Apart from the concrete slab floor and end walls, the pavilion is essentially a flat-packable
product design.  The longest steel element is 7.2 metres, therefore the metal works are
transportable in a 30ft shipping container.
The Hub was officially opened by the Wellington mayor Celia Wade-Brown in September 2011.
The NZ Designer’s Institute awarded Assembly Architects Ltd a silver “Best Award” in the Spatial
Built Environment category for the Zoo Hub project.
Justin Wright (director), Louise Wright (director) and James Norman.
Project Credits
ARCHITECT  Assembly Architects Limited
PROJECT TEAM  Justin Wright, Louise Wright, James Norman
PROJECT NAME  The Zoo Hub, Wellington Zoo
PROJECT ADDRESS  Wellington Zoo, 200 Daniell Street, Newtown, Wellington 6021
OPENING DATE  1 September 2011
STRUCTURAL ENGINEER Alistair Cattanach, Dunning Thornton Consultants Ltd
CONTRACTOR  Naylor Love Limited
PHOTOGRAPHER  Jet Productions Ltd (Mike Heydon)

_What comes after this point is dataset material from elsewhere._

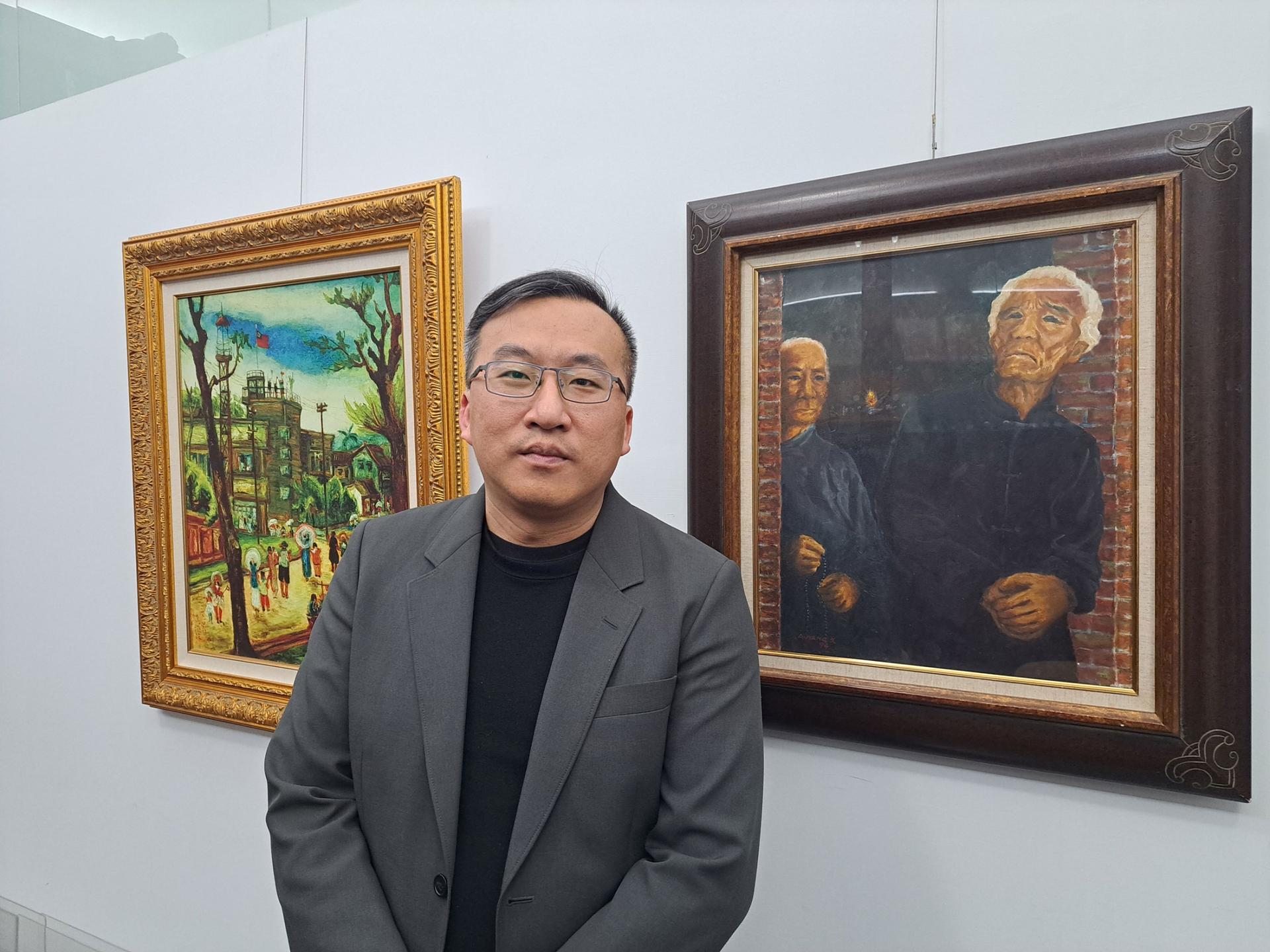 Chen Chia-Hao, an associate research fellow at the National 228 Memorial Museum, stands next to famous paintings related to the 228 massacre. 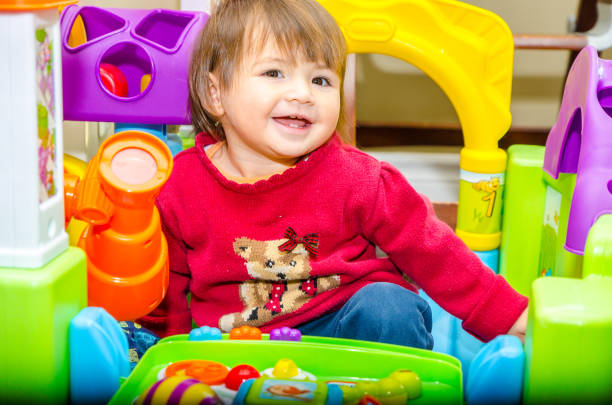 istock Baby mixed race girl playing 1357731606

ABOUT Assembly Architects Limited
Assembly Architects Limited is a Wellington architect practice that designs and delivers
architecture projects throughout New Zealand to enrich the built environment for local, national
and international clients.
Recent projects in the Wellington region have included the Wellington Zoo Hub, the restoration
and renovation of a 3 storey villa in Thorndon, Harry’s Fashion Boutique in Seatoun (together
with the owners own home) and various classroom blocks for Catholic Schools.  Other recent
projects throughout the country include various prefabricated projects such as the Britomart
Showcases; a luxury retail pop up that was delivered on an extremely tight timeframe before the
Rugby World Cup, Fast-class classrooms, and prefabricated student accommodation pods for
Auckland University’s Elam Hall.   
Works in progress include a holiday house in Mangaweka, a rammed earth house in Wanaka and
a residential extension to an existing Woolshed.
Assembly Architects Limited recently received a Designer’s Institute silver Bestaward 2011 in the
Built Environment spatial category for the Wellington Zoo Hub, and a New Zealand Institute of
Architects Gisborne/ Hawkes Bay Architecture Award 2011 for the Waipatiki Beach House in
Hawkes Bay. 
Assembly Architects Limited is a New Zealand Institute of Architects practice and a member of
Assembly was established in 2005 by Architect Justin Wright (B.Arch hons, B.BSc, ANZIA, NZ
Reg. Architect) and partner/ wife Louise Wright (B.Arch hons, ANZIA, NZ Reg. Architect).  They
are both graduates from Victoria University of Wellington, and also attended the Penn State
University Sede di Roma architecture programme in Rome, Italy.